*** Opening Data for this exercise ***

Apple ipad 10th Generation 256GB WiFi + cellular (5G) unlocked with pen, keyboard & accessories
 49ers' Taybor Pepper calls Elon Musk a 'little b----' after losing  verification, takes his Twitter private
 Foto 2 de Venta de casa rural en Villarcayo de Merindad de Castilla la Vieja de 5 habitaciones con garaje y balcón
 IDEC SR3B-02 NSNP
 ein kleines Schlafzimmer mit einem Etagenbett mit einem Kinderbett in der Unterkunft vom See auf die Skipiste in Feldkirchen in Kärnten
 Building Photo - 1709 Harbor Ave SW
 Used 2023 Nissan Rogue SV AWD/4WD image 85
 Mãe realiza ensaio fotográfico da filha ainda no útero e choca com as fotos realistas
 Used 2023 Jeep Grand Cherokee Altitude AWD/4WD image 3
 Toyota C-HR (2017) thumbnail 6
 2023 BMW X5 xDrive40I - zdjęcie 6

*** Closing Data for this exercise ***

**Your instructions:**
Show all lines from the records above where the word "Used" occurs.

**Your solution:**
 Used 2023 Nissan Rogue SV AWD/4WD image 85
 Used 2023 Jeep Grand Cherokee Altitude AWD/4WD image 3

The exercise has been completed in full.